New docs suggest DNC was much more involved with ‘glitchy’ Iowa caucus app than Perez implied

(Photo by SAUL LOEB/AFP via Getty Images)

New documents obtained by the media suggest that the Democrat National Committee played an integral role in the development of the sketchy vote tabulation app that malfunctioned last week during the still-inconclusive Iowa Caucus.

After the fallout from the failed caucus, the Democrat National Committee tried distancing itself from the app, with DNC chair Tom Perez seemingly laying the blame for the debacle solely on the Iowa Democrat Party.

Look:

But according to contract documents reviewed by Yahoo News, that’s not the case.

“An unaffiliated Democratic operative in Iowa provided Yahoo News with a copy of the contract between Shadow and the Iowa Democratic Party,” the outlet reported Thursday.
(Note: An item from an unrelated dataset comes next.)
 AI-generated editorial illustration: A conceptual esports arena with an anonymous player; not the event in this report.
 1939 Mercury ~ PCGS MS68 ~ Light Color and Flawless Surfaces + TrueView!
The contract, which was signed on Oct. 14, 2019, and refers to Shadow as the ‘Consultant,’ specified that the company had to work with the DNC and provide the national party with access to its software for testing.”

Available for review below, the contract explicitly states that the DNC would be provided with “continual access to review the Consultant’s system configurations, security and system logs, system designs, data flow designs, security controls (preventative and detective), and operational plans for how the Consultant will use and run the Software for informational dissemination, pre-registration, tabulation, and reporting throughout the caucus process.”

In other words, the contract granted the DNC “extensive oversight” over the app’s development, as reported by Yahoo.

Shadow Contract by Sharon Weinberger on Scribd

“An email provided to Yahoo News also appears to show that Seema Nanda, the CEO of the DNC, and Kat Atwater, the national party’s deputy chief technology officer, were involved in drafting the contract and requested the addition of the provision that gave them access to Shadow and the app,” Yahoo News added.

But when questioned about this email, DNC communications director Xochitl Hinojosa reportedly disputed the notion that the committee was interested in supervising the app’s development.

“We requested access to the tool solely for the purpose of doing security testing,” she said. “The DNC drafted broad language to make sure whatever vendor IDP ultimately hired was required to work with the DNC’s cyber-security consultant.”

“We did not build the application, nor did we provide ‘oversight’ of its development — that’s the vendor’s responsibility. We only provided security assistance.”

Yet it now appears that this very same “security assistance” played a key role in engendering the “chaos” that erupted because of the app’s failed performance during the caucus.

“The reporting app that is getting a large share of the blame for the chaos surrounding Monday’s Democratic caucus results was working until the national party required the installation of a security patch less than 48 hours before the first-in-the-nation contest,” The Des Moines Register reported two days after the caucus.

“The update is believed by some Iowa Democratic Party staffers to be the reason for a mismatch between the app’s coding and the state party’s computerized verification system that caused omissions in the results.”

ProPublica further confirmed last week that it is plagued by “vulnerabilities.”

“The IowaReporterApp was so insecure that vote totals, passwords and other sensitive information could have been intercepted or even changed, according to officials at Massachusetts-based Veracode, a security firm that reviewed the software at ProPublica’s request,” the left-wing watchdog group reported. “Because of a lack of safeguards, transmissions to and from the phone were left largely unprotected.”

These findings were so shocking that even radical socialist Rep. Alexandria Ocasio-Cortez felt compelled to take a shot at the DNC for its shoddy “oversight” work:

What’s particularly concerning is that, according to Yahoo, the DNC had plenty of “opportunity to foresee some of the problems” that eventually arose.

“One provision in the contract says Shadow would provide ‘monthly written updates to the DNC regarding the Software status and timeline for implementation.’ It also required Shadow to work with outside consultants and cybersecurity specialists, which the DNC could ‘choose in its sole discretion,'” the outlet reported.

The DNC reportedly did force Shadow to work with an outside cybersecurity firm. And interestingly, that same firm has “blamed the DNC and its security consultants for some of the issues that took place with reporting the results on caucus night,” according to Yahoo.

“They had a lot of thoughts and feelings on how this app was supposed to function, and I think there was advice that was given that led to the difficulties you saw on caucus night with people being able to log in,” a source who worked on the caucus claimed. “The security steps that were taken made it difficult for an even technologically apt person to log in.”

As of Friday, Feb. 14, no winner had been declared in the Iowa Caucus, though the two candidates whom so many in the media had presumed stood the highest chances of winning the Democrat nomination — Sen. Elizabeth Warren and former Vice President Joe Biden — were in third and fourth place, respectively …

Meanwhile, the DNC has sparked further anger by purposefully changing its debate rules so that rising presidential candidate Michael Bloomberg, the former mayor of New York City, can participate in future Democrat debates.